*Try it*. Exactly the lines below from the line with "好盈MAX10 120A无刷" through the line with "发财90_纹身图案手稿图片_小鸡仔的纹身作品集" must make up the answer, both ends included and pictures left out.
Top of Data listing
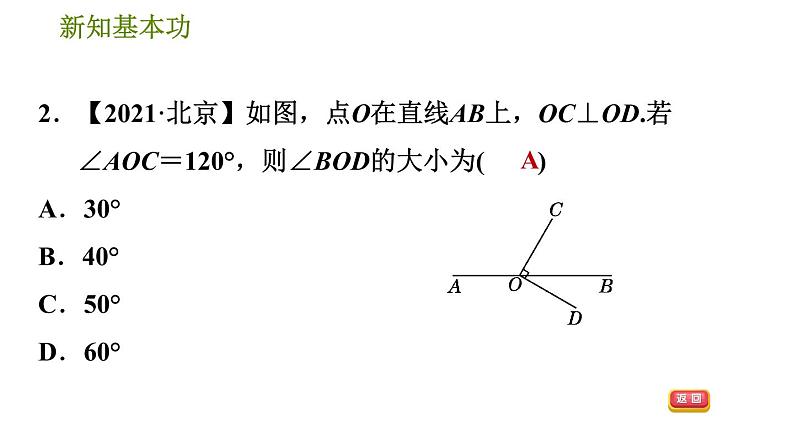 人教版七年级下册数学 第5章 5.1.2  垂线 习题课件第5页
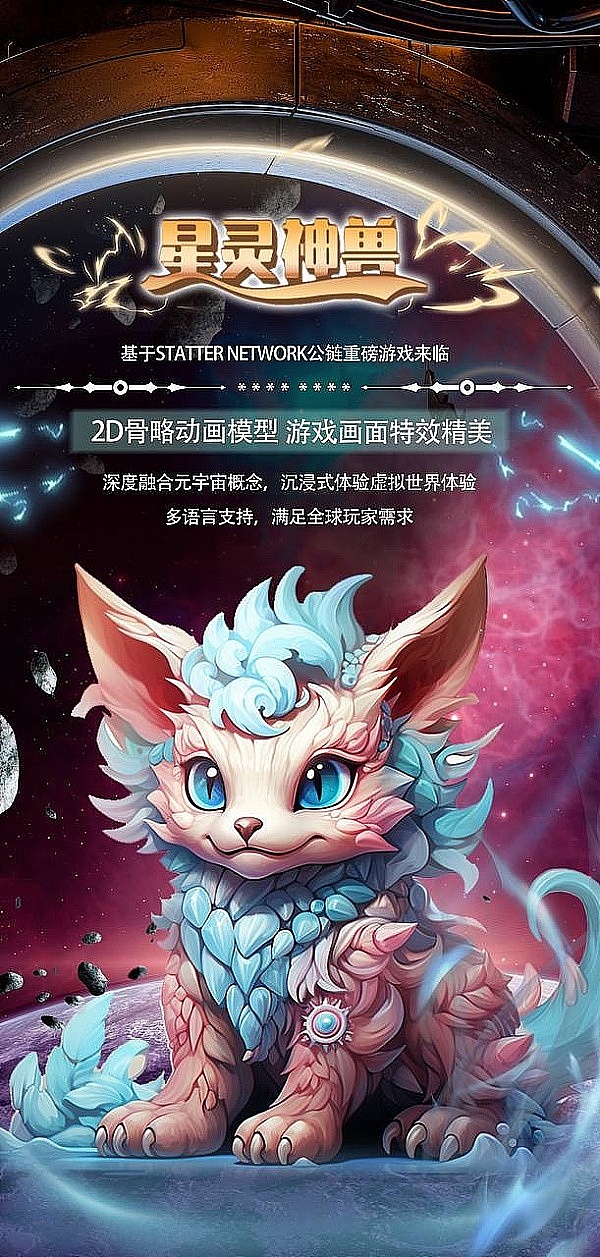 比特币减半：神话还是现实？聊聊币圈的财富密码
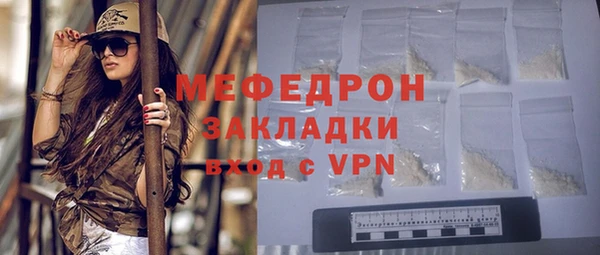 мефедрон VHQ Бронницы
Bottom of Data listing
Top of Data listing
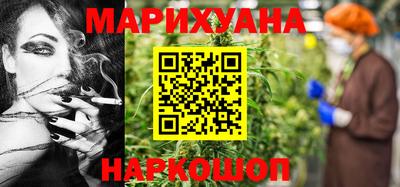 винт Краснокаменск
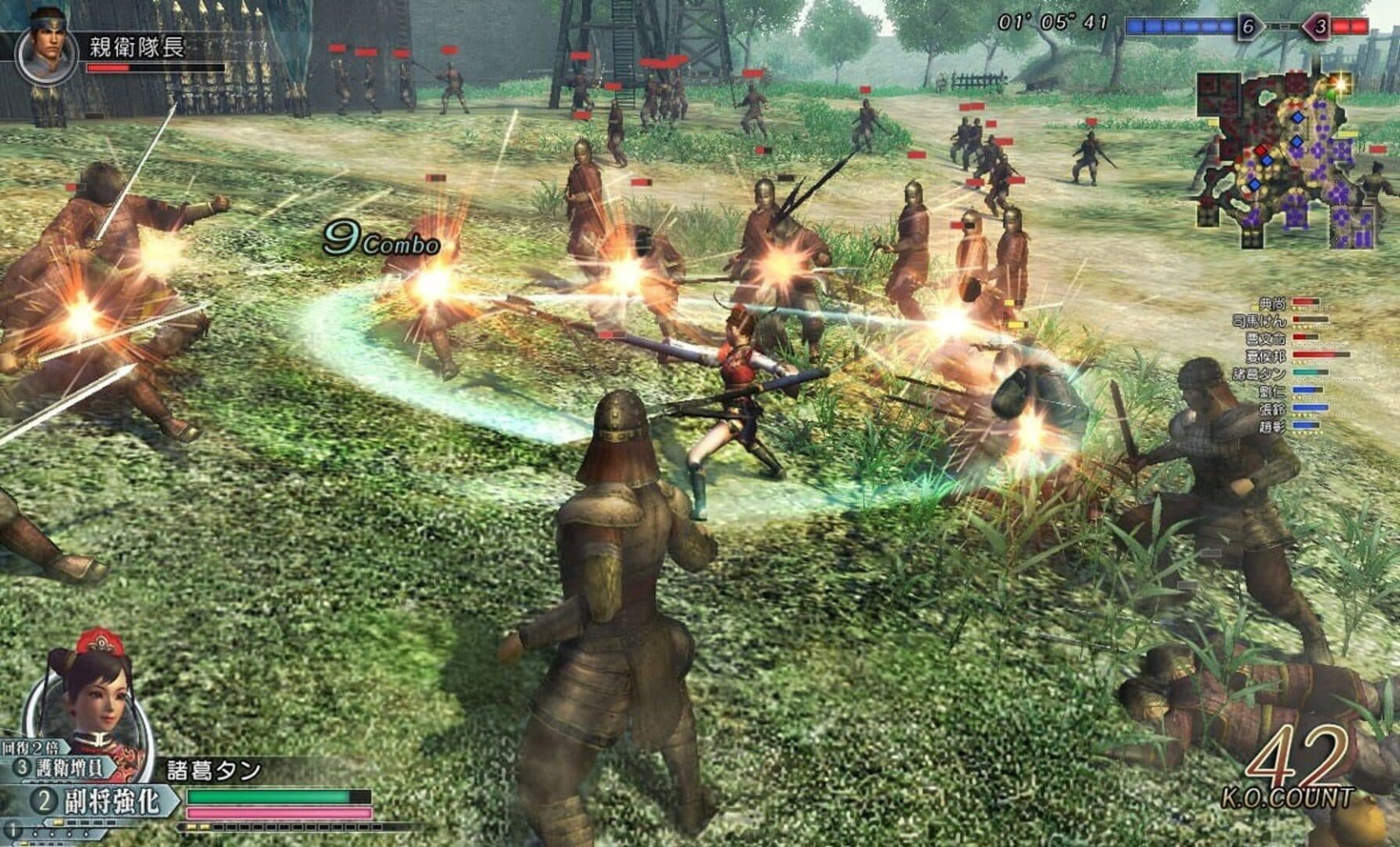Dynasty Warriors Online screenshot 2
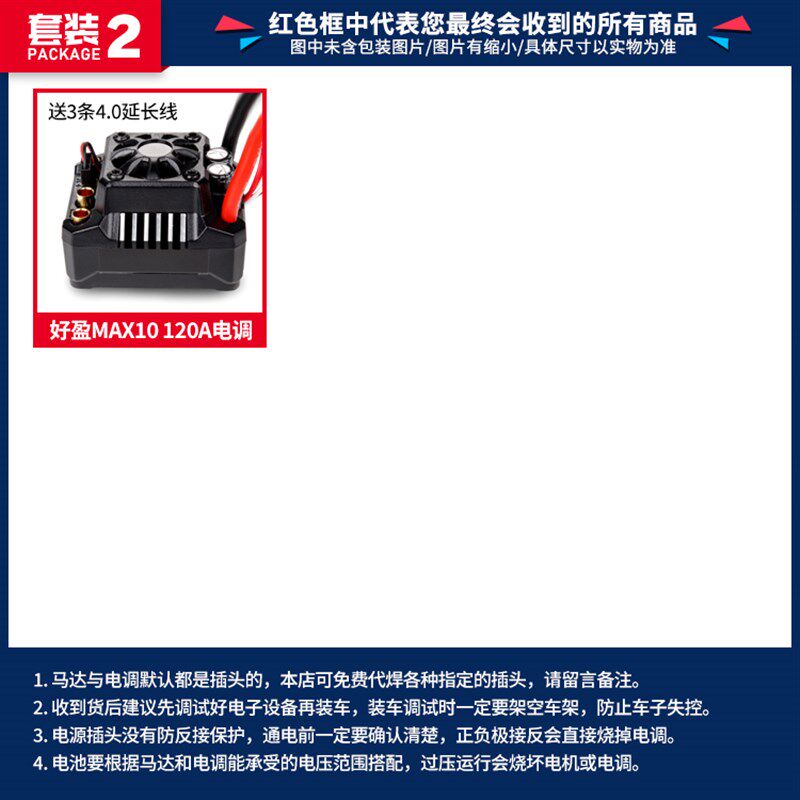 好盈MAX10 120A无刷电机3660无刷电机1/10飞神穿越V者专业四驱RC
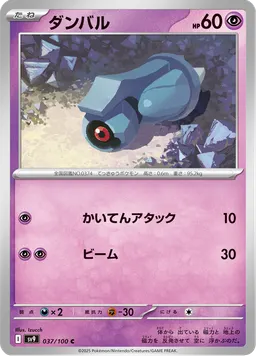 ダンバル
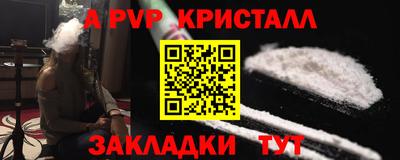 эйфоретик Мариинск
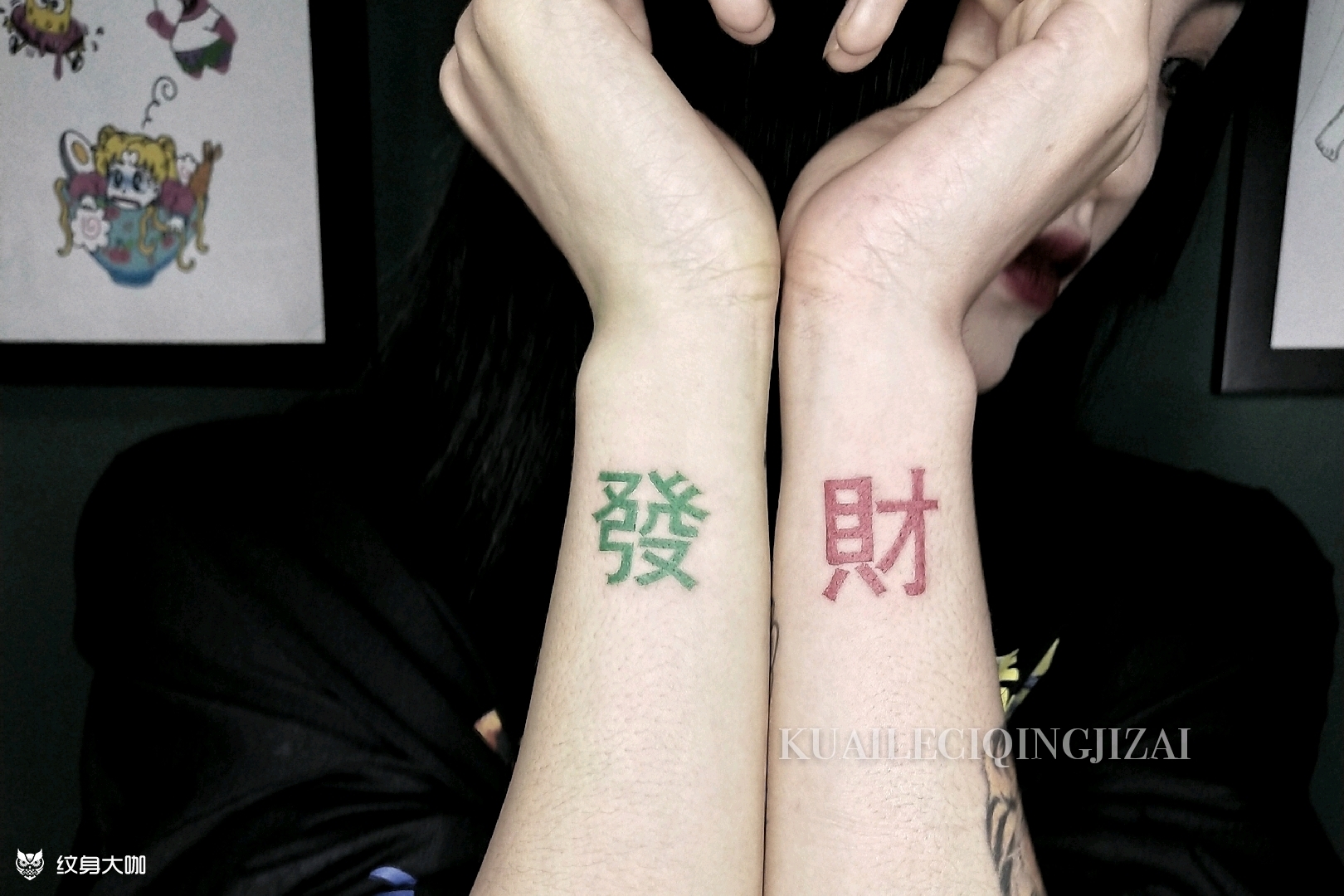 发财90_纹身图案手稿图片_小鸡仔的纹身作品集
Bottom of Data listing
Top of Data listing
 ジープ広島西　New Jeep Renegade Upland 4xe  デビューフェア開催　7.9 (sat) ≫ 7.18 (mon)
Bottom of Data listing
*Result of the task*.
 好盈MAX10 120A无刷电机3660无刷电机1/10飞神穿越V者专业四驱RC
 ダンバル
 эйфоретик Мариинск
 发财90_纹身图案手稿图片_小鸡仔的纹身作品集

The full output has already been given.